“What kind of throw was that?” said the father to his son. The
boy picked up another baseball and threw it, this time with better
results. “There, that’s better,” the father conceded.
Spring youth baseball had started, and all over the country, fathers
with great enthusiasm and intensity were leading seven and eight-year-olds
into the world of competition. And all around the field were nervous
parents, hoping their child would stand up to the scrutiny of other
parents and peers.
I was one of those parents, watching the little boy with my name
on the back of his jersey. Watching as he “represented” our family.
And watching as he began to enter the world of “big boys,” where
ability and toughness were the two qualities that mattered.
It is incredible to experience the hope and fear that occurs when
your child steps up to the plate. While we say we’re satisfied with
whatever happens when our child performs, we don’t always tell the
truth. We like to see our kids excel. And when they don’t, it reflects
on us.
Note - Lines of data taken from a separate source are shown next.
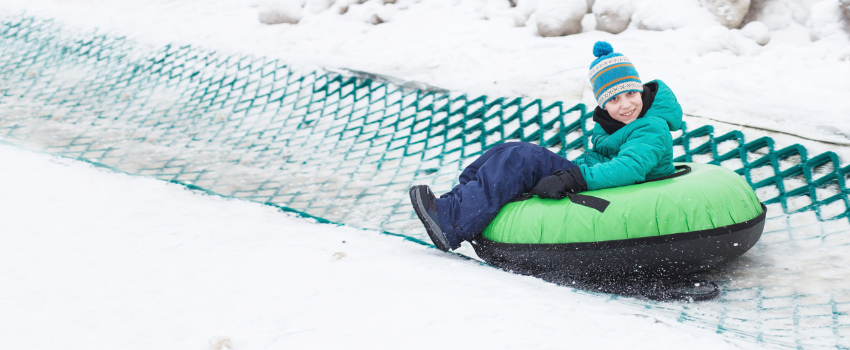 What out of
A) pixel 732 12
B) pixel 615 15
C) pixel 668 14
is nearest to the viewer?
pixel 732 12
But we must be careful in our reactions to our child’s performance,
because they intuitively know how we feel about them. And in a country
in which 70% of all kids quit their sport by age 13, and never play
it again (National Alliance for Youth Sports), we must take great
precaution when leading them into the world of organized sports.
Here are some guidelines for parents:
• If you question whether your child is old enough to play organized
sports, always err on the side of caution. They’ll have plenty of
time to catch up!
• Get to know your coaches very well—it just takes one bad experience
to sour your child’s attitude towards being in organized sports.
• Sign your child up for sports with friends or other family members
to ease them into the process. Introverted or shy kids may especially
benefit from a companion on the team.
• Do your best to avoid judging your child’s performance. Kids
hear that they did everything “great” far too often. Instead, tell
them what you noticed. “You really ran hard out there,” invites
an exploration of effort, not judgment.
• Coach your child in how to receive coaching—tell them about different
styles of coaches, and how to listen for the information they’re
giving. My son whacked the first pitch for a hit, and scored his
team’s first run. And as I caught his eye after crossing the plate,
a big smile covered his face.
Thankfully, he wasn’t in need of any of that “toughness” yet.
After all, he only gets to be a little boy once.
I think were going to stretch it out as long as we can.